### THE TASK
Repeat every line of the data exactly; no picture belongs in the copy.

### AVAILABLE RECORDS
= Beginning of Section =

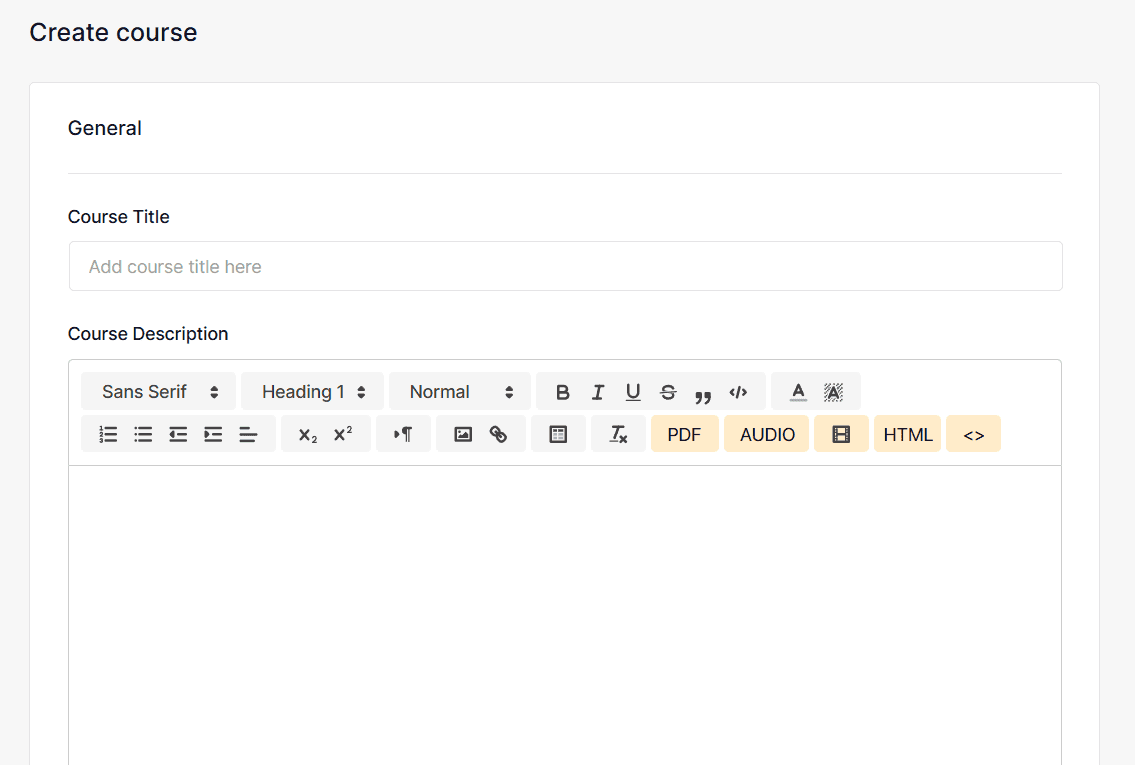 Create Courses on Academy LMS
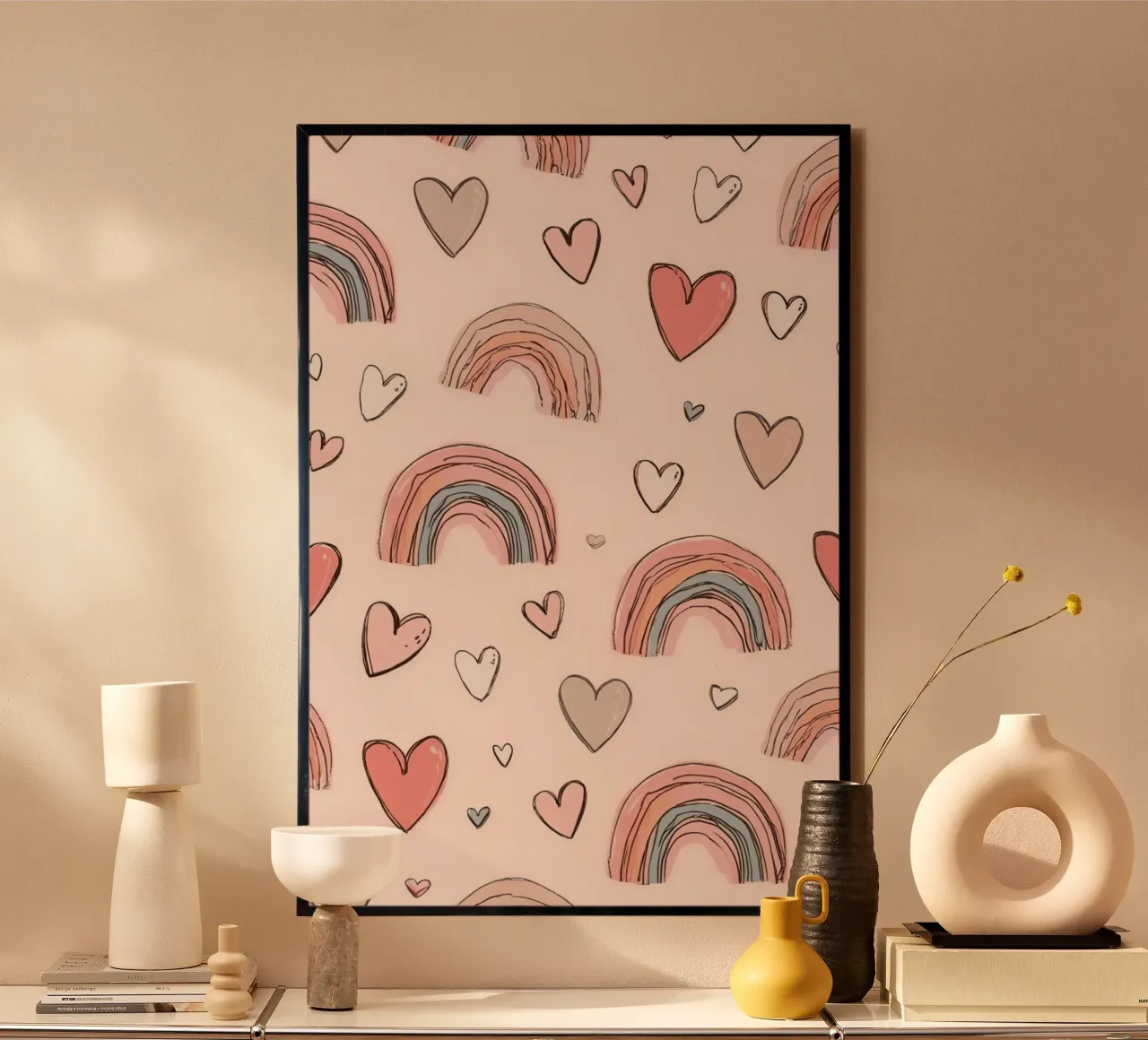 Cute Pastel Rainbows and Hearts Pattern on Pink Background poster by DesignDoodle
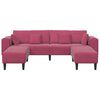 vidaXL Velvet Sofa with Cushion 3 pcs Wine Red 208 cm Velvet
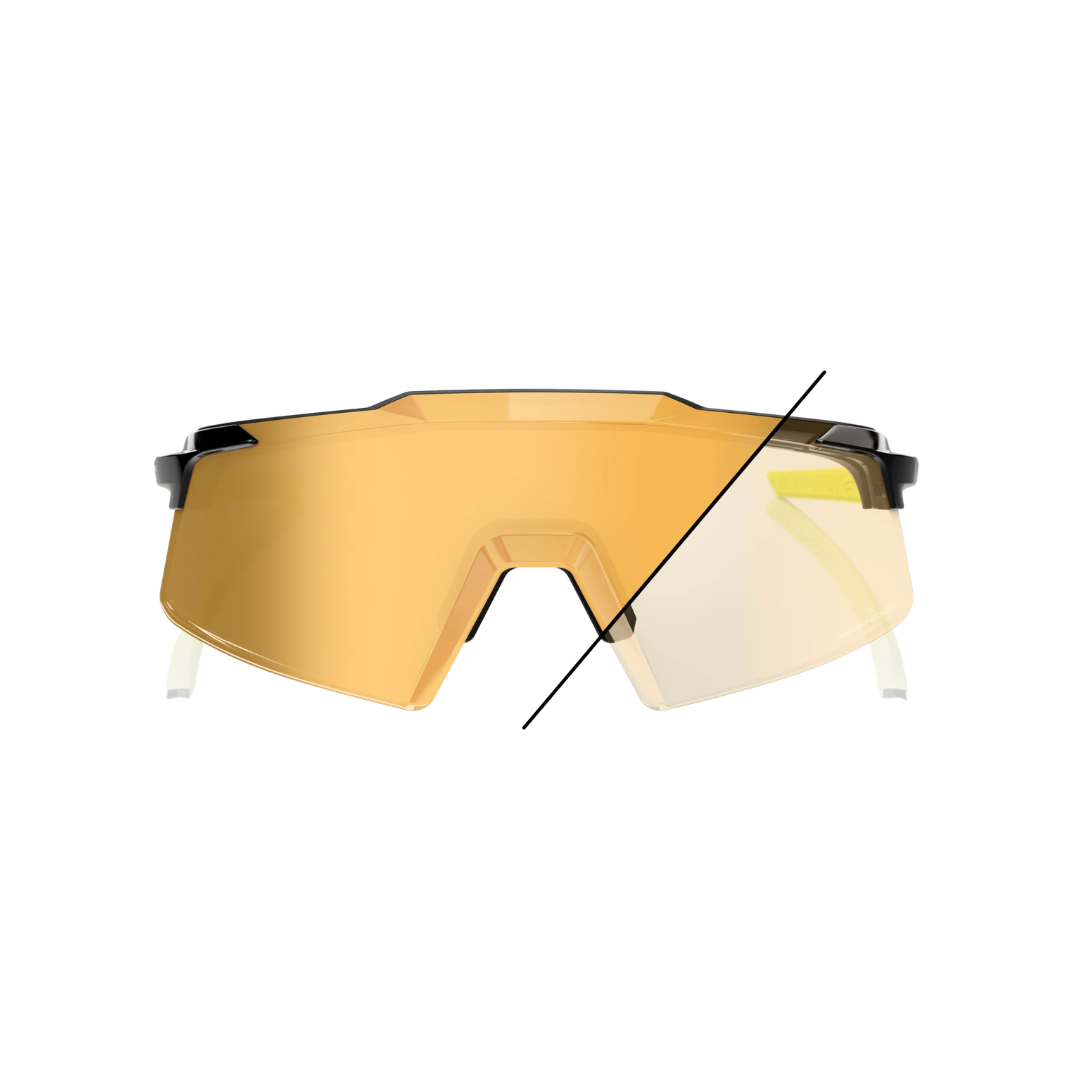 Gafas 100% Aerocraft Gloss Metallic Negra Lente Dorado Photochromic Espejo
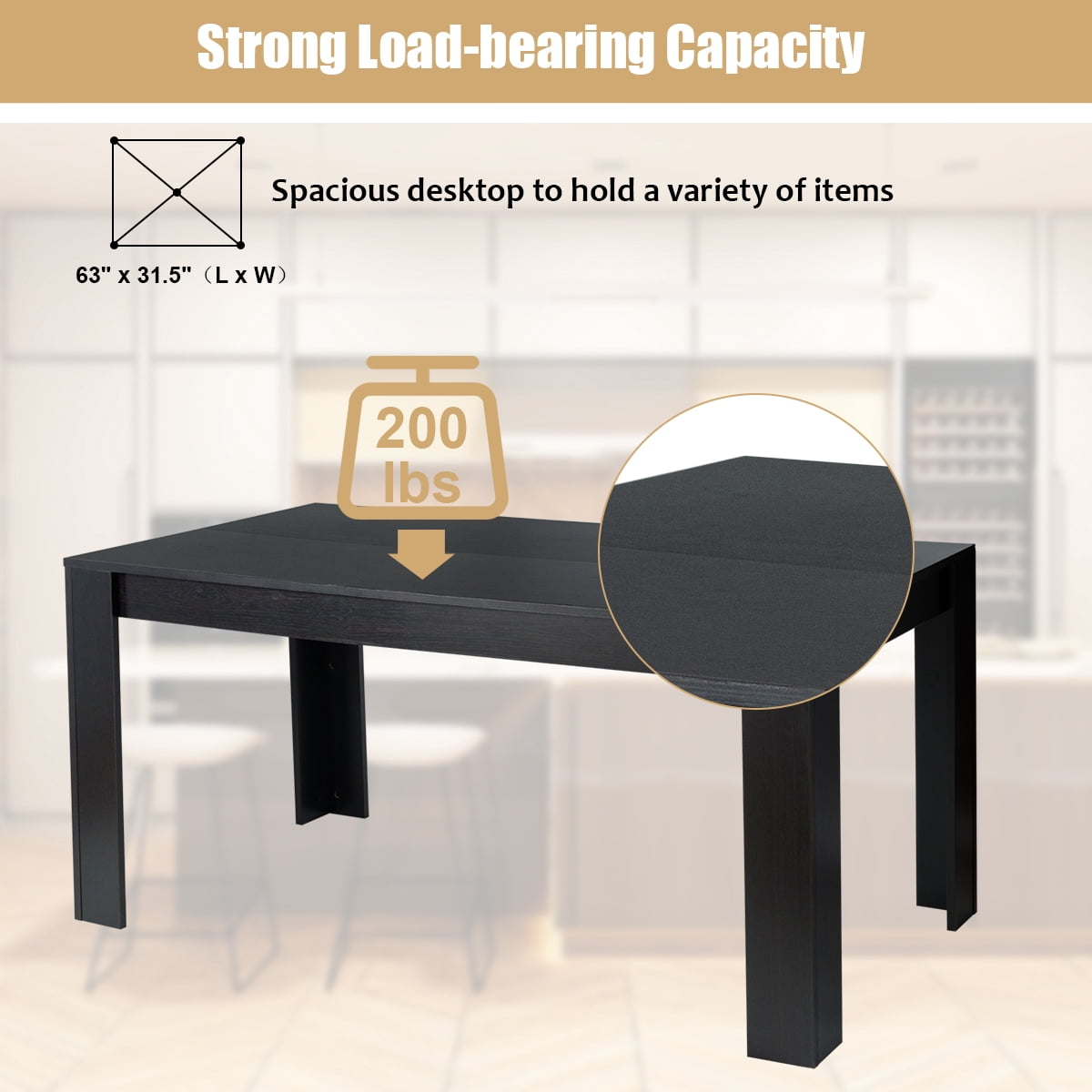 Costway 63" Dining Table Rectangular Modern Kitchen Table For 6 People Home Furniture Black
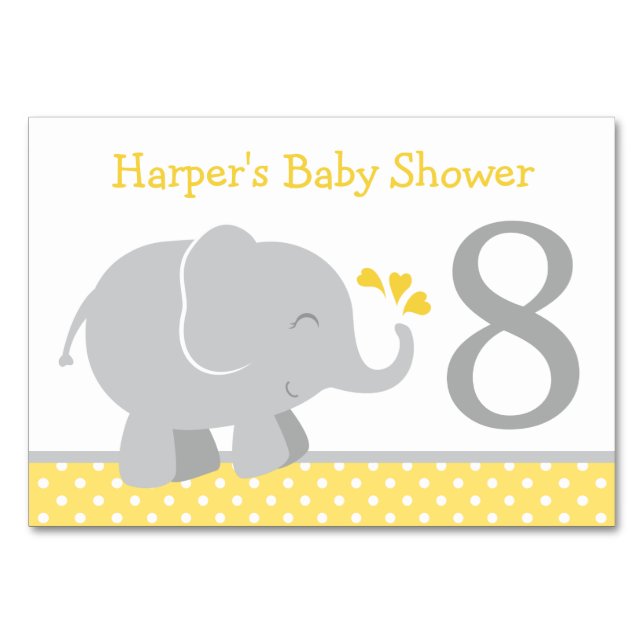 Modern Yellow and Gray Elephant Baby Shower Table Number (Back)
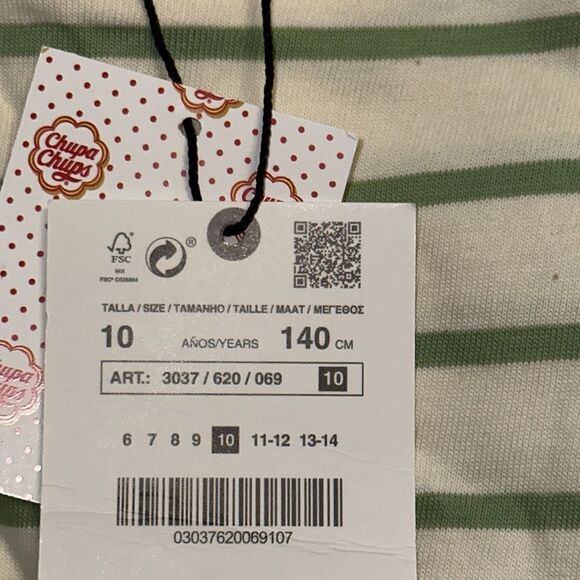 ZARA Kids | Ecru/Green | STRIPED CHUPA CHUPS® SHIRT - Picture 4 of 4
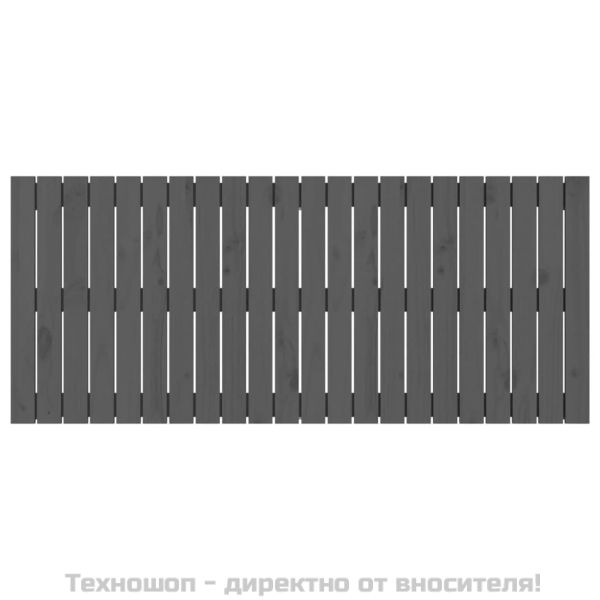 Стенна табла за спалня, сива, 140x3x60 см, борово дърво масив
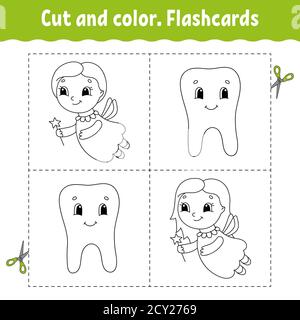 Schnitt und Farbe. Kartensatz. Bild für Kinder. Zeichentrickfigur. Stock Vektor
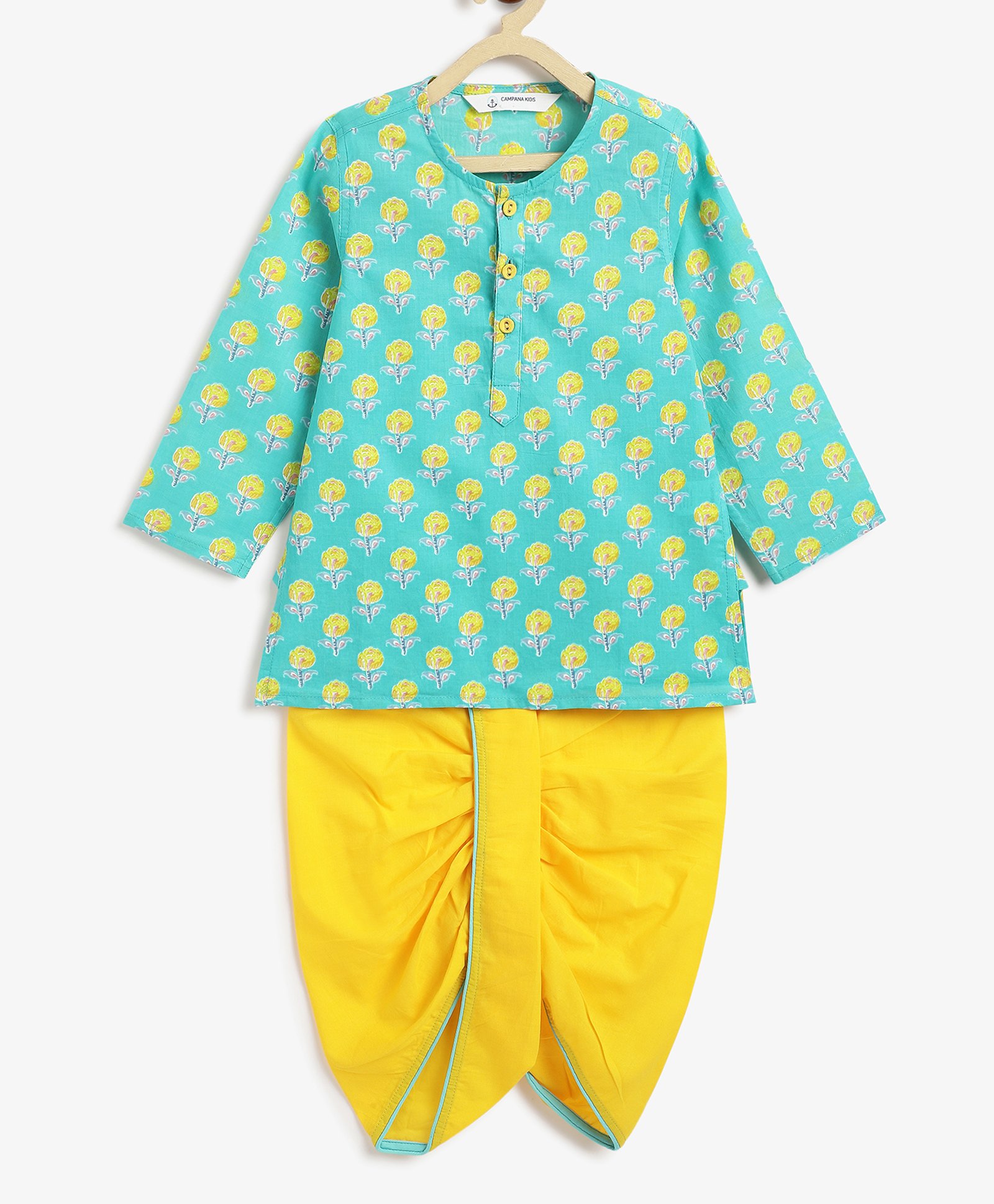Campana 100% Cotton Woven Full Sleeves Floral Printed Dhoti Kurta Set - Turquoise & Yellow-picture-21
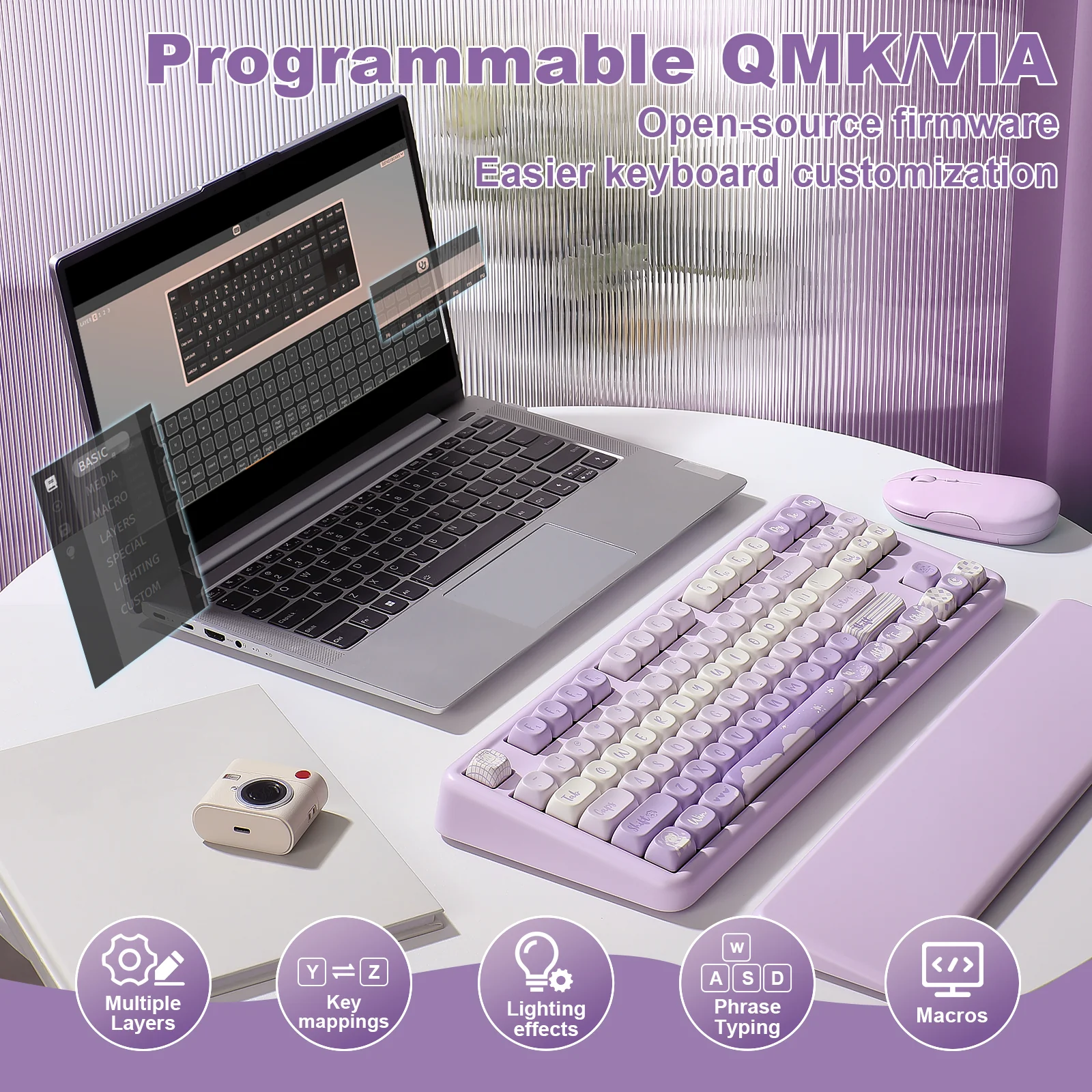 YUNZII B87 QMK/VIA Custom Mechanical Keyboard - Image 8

= End of Section =

### EXPECTED OUTPUT
 Create Courses on Academy LMS
 Cute Pastel Rainbows and Hearts Pattern on Pink Background poster by DesignDoodle
 vidaXL Velvet Sofa with Cushion 3 pcs Wine Red 208 cm Velvet
 Gafas 100% Aerocraft Gloss Metallic Negra Lente Dorado Photochromic Espejo
 Costway 63" Dining Table Rectangular Modern Kitchen Table For 6 People Home Furniture Black
 Modern Yellow and Gray Elephant Baby Shower Table Number (Back)
 ZARA Kids | Ecru/Green | STRIPED CHUPA CHUPS® SHIRT - Picture 4 of 4
 Стенна табла за спалня, сива, 140x3x60 см, борово дърво масив
 Schnitt und Farbe. Kartensatz. Bild für Kinder. Zeichentrickfigur. Stock Vektor
Campana 100% Cotton Woven Full Sleeves Floral Printed Dhoti Kurta Set - Turquoise & Yellow-picture-21
 YUNZII B87 QMK/VIA Custom Mechanical Keyboard - Image 8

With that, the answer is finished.